La quasi-totalité des mélanges partent d’une base de rhum brun, coupé avec une petite quantité de sirop de canne à sucre. «C’est un rhum qui vient des Caraïbes. Ce n’est pas le meilleur des rhums, mais notre objectif, c’est de faire une liqueur qui plaît à tous, pas forcément haut de gamme. Quelque chose de simple, comme nous. Une bouteille qu’on n’hésite pas à ouvrir», détaille Yann Delisle. Et son collègue d’ajouter: «Ce n’est pas le rhum qu’on met en avant, mais les fruits et les ingrédients qu’on ajoute.»

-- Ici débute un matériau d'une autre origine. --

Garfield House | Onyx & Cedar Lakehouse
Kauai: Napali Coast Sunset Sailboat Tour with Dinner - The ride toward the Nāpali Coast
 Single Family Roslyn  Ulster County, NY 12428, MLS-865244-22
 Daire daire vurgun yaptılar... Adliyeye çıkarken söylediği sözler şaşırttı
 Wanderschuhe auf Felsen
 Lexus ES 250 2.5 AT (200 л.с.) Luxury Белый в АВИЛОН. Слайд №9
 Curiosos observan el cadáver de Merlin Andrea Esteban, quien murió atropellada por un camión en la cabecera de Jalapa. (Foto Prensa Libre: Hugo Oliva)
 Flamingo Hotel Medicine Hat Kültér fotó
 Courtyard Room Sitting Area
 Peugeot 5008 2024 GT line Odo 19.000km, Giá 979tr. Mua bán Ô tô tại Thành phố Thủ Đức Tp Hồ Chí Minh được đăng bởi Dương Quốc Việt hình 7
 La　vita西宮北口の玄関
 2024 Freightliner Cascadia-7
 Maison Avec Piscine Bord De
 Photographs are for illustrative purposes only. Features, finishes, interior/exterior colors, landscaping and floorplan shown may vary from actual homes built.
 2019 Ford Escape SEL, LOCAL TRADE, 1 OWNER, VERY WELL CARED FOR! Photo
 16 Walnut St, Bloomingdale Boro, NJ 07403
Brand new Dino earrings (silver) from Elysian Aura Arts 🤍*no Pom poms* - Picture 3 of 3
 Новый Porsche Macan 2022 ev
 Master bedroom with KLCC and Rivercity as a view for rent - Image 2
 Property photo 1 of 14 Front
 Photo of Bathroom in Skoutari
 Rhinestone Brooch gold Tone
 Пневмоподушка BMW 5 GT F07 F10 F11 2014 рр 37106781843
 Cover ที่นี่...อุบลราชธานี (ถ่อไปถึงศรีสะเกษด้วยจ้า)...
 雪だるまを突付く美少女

Neuf arômes différents sont disponibles, dans des bouteilles entre 25 et 30% d’alcool. Un taux qui ne se sent pas tout de suite une fois arrivée l’heure de la dégustation. «C’est pour ça qu’on indique sur l’étiquette: c’est un piège! On ne peut rien nous reprocher», lancent-ils, tout en admettant qu’ils se sont eux-mêmes fait avoir plusieurs fois par leurs propres breuvages.

A la recherche de partenariats

Désormais, les deux Tsavannais entendent diversifier leur gamme, tout en trouvant des partenariats pour amener leur produit au public. «On s’est principalement concentrés sur l’installation du laboratoire, ce qui fait qu’il n’y a pas eu de nouvelles recettes depuis deux ans. Pour la même raison, on a un peu négligé le côté marketing», reconnaissent-ils.

L’idée de continuer à développer leur projet est toujours présente, même si cette activité ne reste qu’un hobby à côté de leurs métiers et de leurs vies de famille respectifs. «Pour faire des bénéfices, il faudrait qu’on vende 2000 bouteilles par an. Mais là, on n’aurait plus de temps pour rien faire.» Pour l’instant, les deux compères espèrent donc passer le cap des 1500 bouteilles et trouver de nouveaux partenariats.

Il est possible de trouver leur rhum aromatisé à La Ferme, à Yverdon, à la boucherie Peguiron, de Fey, ou directement sur leur site internet.

À consommer avec modération. D’autant plus que, comme expliqué plus haut: c’est un piège! Vous voilà prévenus.